Monica Trauzzi: And we are expecting some difficult policy choices very soon. In a recently published article in UVA’s Environmental Law Journal, you write, “EPA’s leadership knows now that the president has its back, and this has removed a major source of uncertainty and indecision in the agency’s approach to GHG emission reduction.” What’s accounted for the shift in emissions strategy during the president’s second term?
Robert Sussman: Well, there are a number of things that are different now, as compared to the first term. First, the possibility of legislation is off the screen. There will not be climate legislation anytime soon. Secondly, EPA’s efforts to apply the Clean Air Act to greenhouse gases have by and large been successful. The Clean Air Act has worked. It has not been the economy-threatening debacle that many predicted, so I think that there’s confidence now that the Clean Air Act really is a viable tool. Most importantly is that emissions have dropped very significantly in the United States. EPA’s 2014 greenhouse gas inventory indicates that power plant emissions are 15 percent lower than they were in 2005. Economywide emissions are 10 percent lower, so that is telling us that the trajectory in the U.S. energy system is towards lower emissions and that we can build on it and build on it very successfully.
Monica Trauzzi: One of the major conversations we hear pertaining to the existing source rule and the president’s Climate Action Plan overall is the intensity of the deadline structure, both in terms of the actual rule and the state planning that will follow afterwards. What are the biggest potential pitfalls for this rule once it’s proposed, the existing source rule once it’s proposed, in terms of getting to that deadline?

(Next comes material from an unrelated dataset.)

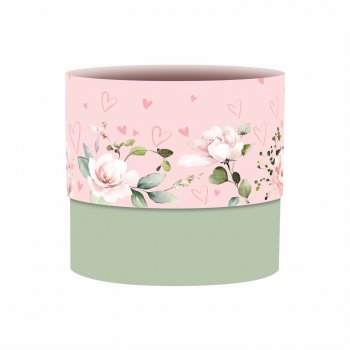 Cachepot Acrílico Milão Amor Sem Fim 15cmx15cm 1pç Rosa/Verde Chá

Robert Sussman: Well, this is one of the most complicated rules that EPA will be issuing. There will be huge congressional interest, huge stakeholder interest. Comments will be very extensive, both technical and legal and policy comments, and I think that views in Congress and in the stakeholder community are going to be polarized and divided, so EPA has a huge amount of work ahead of it staying on track. Getting a final rule out in June 2015 is a daunting task. I know they’re going to pull out all the stops. I know that the White House is going to be cracking the whip on them, and so they’re going to do their level best, but it is a very difficult task, and then to give the states only a year after that to develop implementation plans is, I think, yet another very big challenge. And I think the states are going to want more time, some for questionable reasons, some for very legitimate reasons, and so EPA is going to have to, I think, arrive at a schedule, which allows the states to do the work that they need to do but also keeps the process moving forward. It’s going to be difficult.
Monica Trauzzi: So ultimately what does this mean? What do you predict? Will they meet the deadline, and if they don’t, what happens then?

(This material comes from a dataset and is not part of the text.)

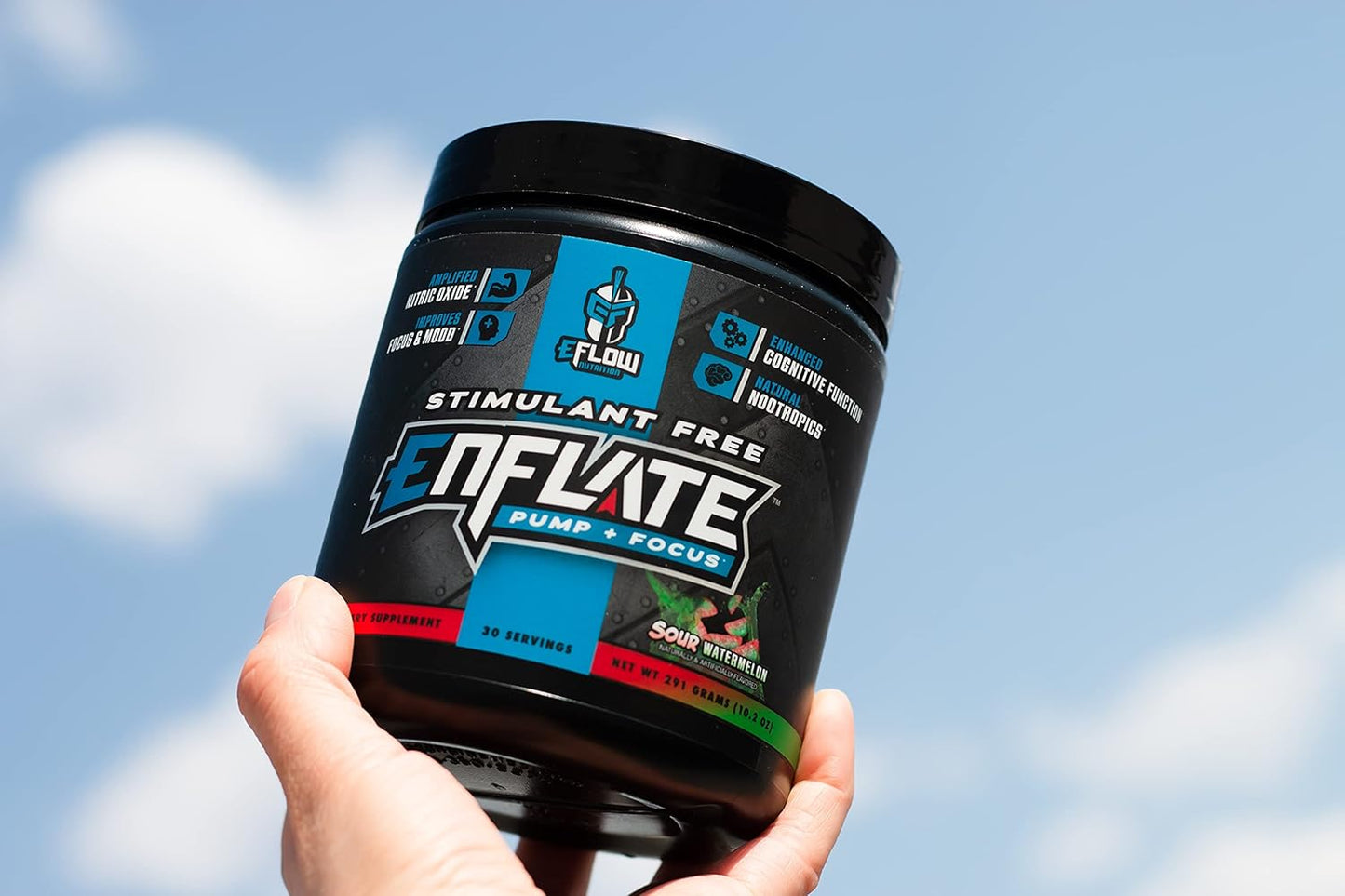 eFlow Nutrition Enflate Preworkout Supplement - Stimulant-Free Nootropic Powder for Pump, Focus, and Energy - Sour Watermelon Flavor - 30 Servings for Men and Women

Robert Sussman: Well, I don’t think there’s any doubt that EPA will get a final existing source rule out before the end of the administration. It may not be exactly in June of next year. It may be six months later, nine months later. Who knows? But I think they’ll get it done before the end of the administration. The bigger risk, I think, is that the state planning process will still be under way at the time we have a presidential election in 2016, and that will mean that the implementation process will be the responsibility of the next administration which comes in. And depending on the outcome of the election, that may not be a big deal, or it may be a very big deal.

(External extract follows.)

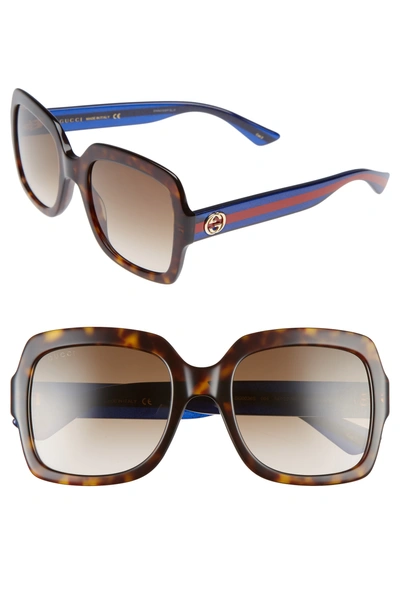 Shop Gucci 54mm Square Sunglasses In Dark Havana/ Brown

Monica Trauzzi: Considering the budget and personnel challenges that are currently occurring at EPA, do you think the agency has adequate resources in place to move forward on the Climate Action Plan and meet all the deadlines?
Robert Sussman: I think that the resources that they need will be made available by the administrator and by OMB with the backing of the White House. The real question here, I think, relates to EPA’s overall agenda and whether looking beyond climate change EPA is going to have the resources to get done what it needs to get done, and there I think we’re looking at a mixed picture.
Monica Trauzzi: All right, Bob, appreciate your insight. Thank you for coming on the show. And thanks for watching. We’ll see you back here tomorrow.